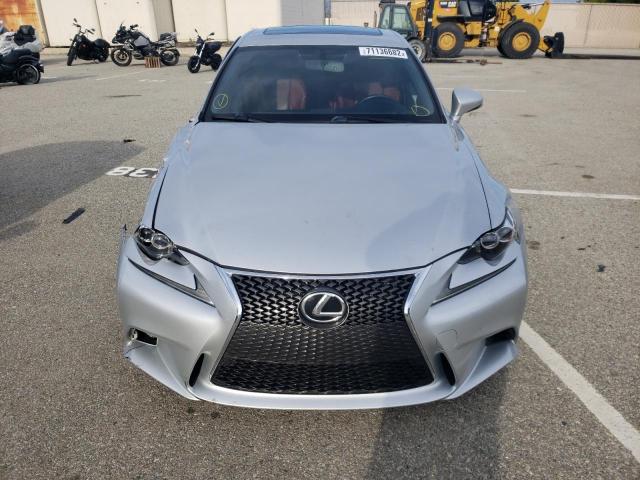 Photo 5 from auction – 2015 LEXUS IS 350 with VIN JTHBE1D2XF5018141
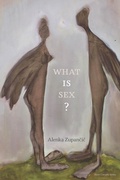 Cover: What IS Sex? - MIT Press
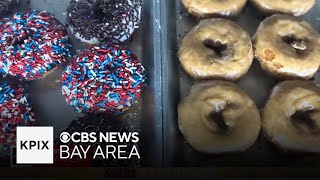 Santa Clara donut shop is a longtime community favorite [upl. by Tallulah]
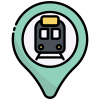 Metro Station icon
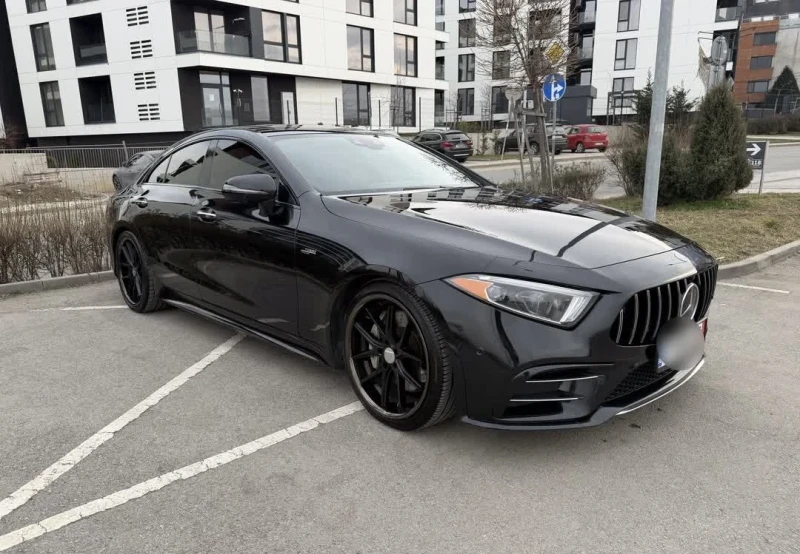 Mercedes-Benz CLS 53 AMG - 27600 € / 53980.91 лв. - 80873226 1 | Car24.bg Mercedes-Benz CLS 53 AMG - 27600 € / 53980.91 лв. - 80873226 1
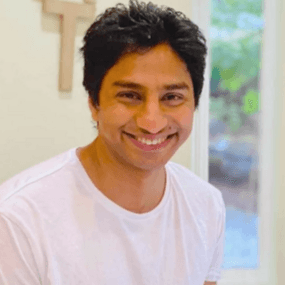 Mahesh Yadav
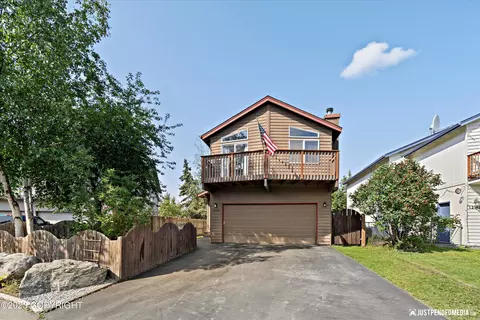 12138 Copper Mountain Dr, Eagle River, AK 99577
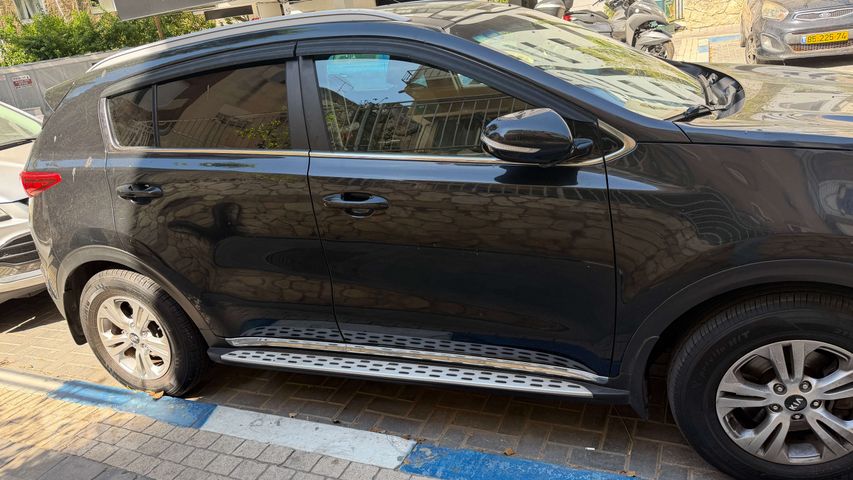 קיה ספורטז'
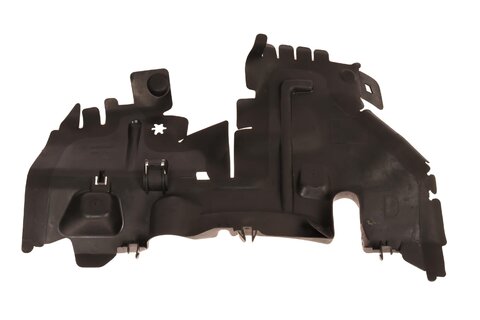 Levý postranní kryt chladiče 9682510580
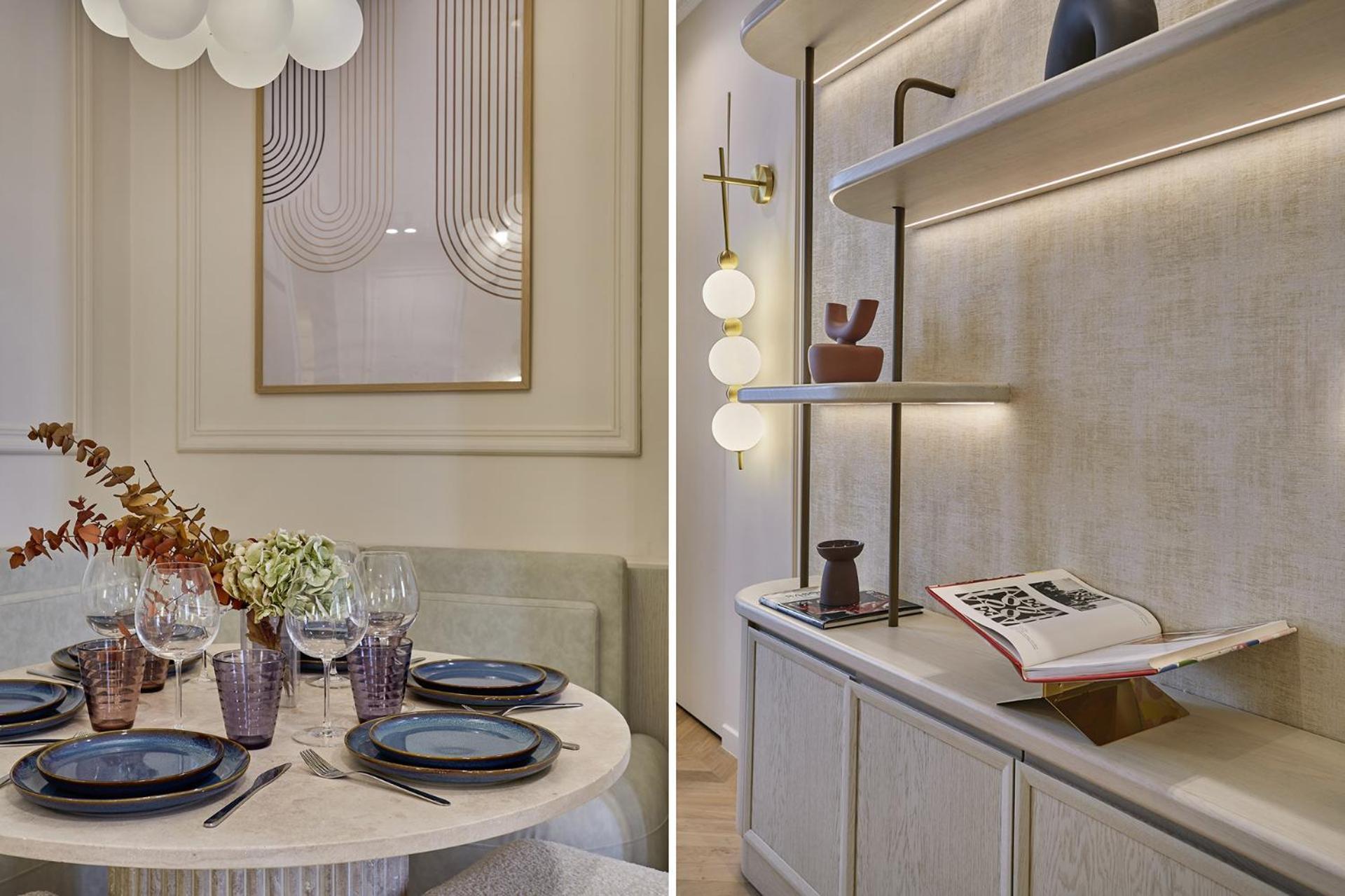 In The Marais With Air-conditioned By Studioprestige Paris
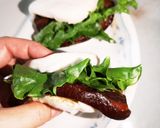 コウロウパオ 扣肉包 (コンバーパオ)作り方7写真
==========
Copy the entries above faithfully and omit every image.

◆ Result
 Photo 5 from auction – 2015 LEXUS IS 350 with VIN JTHBE1D2XF5018141
 Cover: What IS Sex? - MIT Press
 Santa Clara donut shop is a longtime community favorite [upl. by Tallulah]
 Metro Station icon
 Mercedes-Benz CLS 53 AMG - 27600 € / 53980.91 лв. - 80873226 1 | Car24.bg Mercedes-Benz CLS 53 AMG - 27600 € / 53980.91 лв. - 80873226 1
 Mahesh Yadav
 12138 Copper Mountain Dr, Eagle River, AK 99577
 קיה ספורטז'
 Levý postranní kryt chladiče 9682510580
 In The Marais With Air-conditioned By Studioprestige Paris
 コウロウパオ 扣肉包 (コンバーパオ)作り方7写真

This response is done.